* **EXERCISE REQUIREMENTS**: Using the data beneath this instruction, retype only the lines from the one that contains "Generisch Elegantes figurbetontes" down to the one that contains "Ornament Present Brooch", both included, exactly as they appear.

* **MATERIAL PROVIDED**:
Segment Open
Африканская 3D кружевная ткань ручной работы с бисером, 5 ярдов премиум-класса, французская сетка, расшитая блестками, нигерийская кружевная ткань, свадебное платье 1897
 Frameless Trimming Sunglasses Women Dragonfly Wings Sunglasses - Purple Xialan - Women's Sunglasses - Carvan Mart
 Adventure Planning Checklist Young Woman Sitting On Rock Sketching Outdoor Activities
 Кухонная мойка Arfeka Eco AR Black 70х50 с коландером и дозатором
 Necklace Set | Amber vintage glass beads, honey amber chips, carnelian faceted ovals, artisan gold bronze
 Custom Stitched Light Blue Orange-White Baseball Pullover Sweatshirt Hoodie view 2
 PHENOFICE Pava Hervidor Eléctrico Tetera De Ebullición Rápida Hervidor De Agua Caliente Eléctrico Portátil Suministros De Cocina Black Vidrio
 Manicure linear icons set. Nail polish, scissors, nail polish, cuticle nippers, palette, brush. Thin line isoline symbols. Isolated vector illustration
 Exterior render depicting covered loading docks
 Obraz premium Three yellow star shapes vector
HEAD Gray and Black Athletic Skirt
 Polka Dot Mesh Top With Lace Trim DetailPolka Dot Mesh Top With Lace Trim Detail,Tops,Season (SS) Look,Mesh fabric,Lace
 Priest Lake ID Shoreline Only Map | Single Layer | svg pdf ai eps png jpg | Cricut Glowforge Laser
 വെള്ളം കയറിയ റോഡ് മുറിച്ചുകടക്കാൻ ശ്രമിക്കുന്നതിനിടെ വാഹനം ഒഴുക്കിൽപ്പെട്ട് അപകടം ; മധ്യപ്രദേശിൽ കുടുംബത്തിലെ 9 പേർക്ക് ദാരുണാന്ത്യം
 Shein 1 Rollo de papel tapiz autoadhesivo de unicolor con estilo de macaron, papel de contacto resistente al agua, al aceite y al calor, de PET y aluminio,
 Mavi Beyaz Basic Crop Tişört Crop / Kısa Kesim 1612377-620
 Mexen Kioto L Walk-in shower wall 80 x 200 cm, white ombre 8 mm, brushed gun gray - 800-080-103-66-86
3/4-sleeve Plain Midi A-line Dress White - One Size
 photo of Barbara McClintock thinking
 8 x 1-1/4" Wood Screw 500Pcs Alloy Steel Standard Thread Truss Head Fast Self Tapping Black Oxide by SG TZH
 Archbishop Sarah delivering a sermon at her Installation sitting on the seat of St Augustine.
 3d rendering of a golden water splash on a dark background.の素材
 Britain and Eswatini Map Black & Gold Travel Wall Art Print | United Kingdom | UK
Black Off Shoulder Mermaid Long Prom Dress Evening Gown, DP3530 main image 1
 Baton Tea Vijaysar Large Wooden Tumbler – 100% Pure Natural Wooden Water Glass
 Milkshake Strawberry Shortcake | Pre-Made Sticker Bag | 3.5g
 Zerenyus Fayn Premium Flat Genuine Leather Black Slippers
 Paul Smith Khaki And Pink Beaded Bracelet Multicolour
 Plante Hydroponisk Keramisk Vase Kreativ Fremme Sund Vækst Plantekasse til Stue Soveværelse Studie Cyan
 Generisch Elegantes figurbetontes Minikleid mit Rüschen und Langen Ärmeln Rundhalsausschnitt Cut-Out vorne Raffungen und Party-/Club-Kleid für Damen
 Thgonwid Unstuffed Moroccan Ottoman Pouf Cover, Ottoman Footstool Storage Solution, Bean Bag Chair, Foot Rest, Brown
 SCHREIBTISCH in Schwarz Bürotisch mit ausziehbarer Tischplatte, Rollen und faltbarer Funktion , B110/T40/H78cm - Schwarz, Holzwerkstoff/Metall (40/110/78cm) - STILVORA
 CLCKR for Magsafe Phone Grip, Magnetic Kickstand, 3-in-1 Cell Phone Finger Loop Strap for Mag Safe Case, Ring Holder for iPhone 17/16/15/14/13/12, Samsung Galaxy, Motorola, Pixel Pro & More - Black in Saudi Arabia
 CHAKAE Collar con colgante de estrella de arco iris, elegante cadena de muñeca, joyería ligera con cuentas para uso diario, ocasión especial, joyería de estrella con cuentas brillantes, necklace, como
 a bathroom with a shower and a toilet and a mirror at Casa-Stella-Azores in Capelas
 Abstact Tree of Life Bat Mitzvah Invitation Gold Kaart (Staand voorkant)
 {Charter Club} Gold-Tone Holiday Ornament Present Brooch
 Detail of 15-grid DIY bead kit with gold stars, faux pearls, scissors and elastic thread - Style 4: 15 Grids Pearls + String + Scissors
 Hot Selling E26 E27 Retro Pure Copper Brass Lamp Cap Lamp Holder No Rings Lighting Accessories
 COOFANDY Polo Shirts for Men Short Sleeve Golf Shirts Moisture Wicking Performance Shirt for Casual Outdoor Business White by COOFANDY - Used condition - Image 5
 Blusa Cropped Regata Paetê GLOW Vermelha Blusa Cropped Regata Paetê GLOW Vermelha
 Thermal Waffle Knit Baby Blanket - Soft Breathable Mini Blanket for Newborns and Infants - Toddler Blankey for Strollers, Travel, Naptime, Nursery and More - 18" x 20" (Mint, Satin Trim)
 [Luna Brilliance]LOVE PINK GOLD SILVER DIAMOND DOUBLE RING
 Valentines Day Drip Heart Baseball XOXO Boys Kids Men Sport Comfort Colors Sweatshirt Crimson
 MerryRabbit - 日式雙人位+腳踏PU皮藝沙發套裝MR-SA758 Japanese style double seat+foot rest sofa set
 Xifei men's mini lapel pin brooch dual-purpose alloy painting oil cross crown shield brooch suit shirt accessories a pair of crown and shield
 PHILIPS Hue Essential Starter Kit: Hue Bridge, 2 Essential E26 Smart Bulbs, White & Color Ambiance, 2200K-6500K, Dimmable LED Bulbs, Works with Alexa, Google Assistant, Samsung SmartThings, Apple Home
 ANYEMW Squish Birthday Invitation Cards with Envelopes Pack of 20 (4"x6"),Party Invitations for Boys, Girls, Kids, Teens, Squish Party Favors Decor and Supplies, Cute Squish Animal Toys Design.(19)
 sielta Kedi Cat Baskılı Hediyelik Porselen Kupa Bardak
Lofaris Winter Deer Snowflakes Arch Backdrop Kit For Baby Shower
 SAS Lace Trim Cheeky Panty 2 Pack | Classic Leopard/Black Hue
Segment Closed
* **RESPONSE TO THE TASK**:
 Generisch Elegantes figurbetontes Minikleid mit Rüschen und Langen Ärmeln Rundhalsausschnitt Cut-Out vorne Raffungen und Party-/Club-Kleid für Damen
 Thgonwid Unstuffed Moroccan Ottoman Pouf Cover, Ottoman Footstool Storage Solution, Bean Bag Chair, Foot Rest, Brown
 SCHREIBTISCH in Schwarz Bürotisch mit ausziehbarer Tischplatte, Rollen und faltbarer Funktion , B110/T40/H78cm - Schwarz, Holzwerkstoff/Metall (40/110/78cm) - STILVORA
 CLCKR for Magsafe Phone Grip, Magnetic Kickstand, 3-in-1 Cell Phone Finger Loop Strap for Mag Safe Case, Ring Holder for iPhone 17/16/15/14/13/12, Samsung Galaxy, Motorola, Pixel Pro & More - Black in Saudi Arabia
 CHAKAE Collar con colgante de estrella de arco iris, elegante cadena de muñeca, joyería ligera con cuentas para uso diario, ocasión especial, joyería de estrella con cuentas brillantes, necklace, como
 a bathroom with a shower and a toilet and a mirror at Casa-Stella-Azores in Capelas
 Abstact Tree of Life Bat Mitzvah Invitation Gold Kaart (Staand voorkant)
 {Charter Club} Gold-Tone Holiday Ornament Present Brooch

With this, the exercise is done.